Scratching an Etch


Coming back home can be a bit like traveling back in time, bringing back feelings and dynamics that were long ago left in the dust. In Chicago, I've been staying at my family's home and have also had a chance to reconnect with some childhood friends. Walking down familiar streets and interacting with people who have known me from way-back-when, I am reminded of previous versions of myself I'd shed like snake skins. It is refreshing to be reminded of where I came from and I'm thankful to have a place to come back to that sparks these memories.

During my first few days back in town, I dug up my old art materials, too cumbersome to bring with me across the world when I left for Istanbul five years ago. Among the paints, brushes, and cans of half-used gesso, were zinc and copper plates and inks used for etching, some used and some still bare.

I was first introduced to etching by a neighbor of mine when I was in high school, an accomplished representational painter and printmaker named Dorian Allworthy, who opened up her home to me and very generously shared her work and materials. She had a printing press in her basement and I would come by once in a while and help her print, all the while absorbing the process. Her house was filled with antique artifacts and paintings, which felt like such a treat to look through. She soon gave me a small zinc plate and an image to copy as a drypoint etching for homework, which I worked on diligently at home, eager to see how it would turn out once printed. The intimidating part of working on a drypoint etching was that erasing was not easy- one had to be confident and committed to the mark, which was scratched into the metal surface with a sharp metal stylus. Printing, however, was magic- to see a set of scratches turned into a cohesive picture with varied and rich tones was exhilarating. I was intrigued. I worked on a few more plates in high school and later at the Mission Cultural Center  for Latino Arts in San Francisco, where drop-in printmaking classes were offered weekly.

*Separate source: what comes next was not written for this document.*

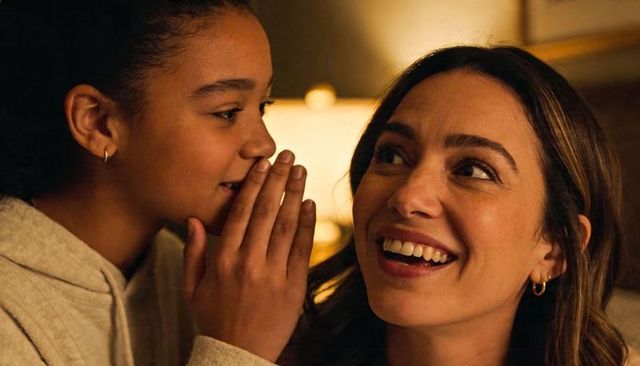 Child whispering secret to smiling mother by bedside lamp creating warm family bond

I received a tabletop printing press as a gift from my parents to print at home. This project, unfortunately, never got off the ground and the printing press sat to gather dust until I found it again this year along with my materials. With renewed motivation, I set up the press and made a space for it in a corner of my room. I prepped a plate, using a photograph of the Hagia Triada- a church off of Taksim Square in Istanbul. I dug in with the stylus, marking the shiny surface with a series of lines that gleamed when they caught the light, some soft and others dug deeper down. After working on the plate for a while, I decided to see how it would turn out. I ran it through the press, but for one reason or another, the print came out extremely light. It could have been a number of factors- maybe I had wiped too much ink off or not wet the paper enough. Perhaps I had not applied enough pressure to the plate. Wanting to jog my memory about the process, I got in touch with Dorian, who invited me over to play with her press and a new letter press she now owned.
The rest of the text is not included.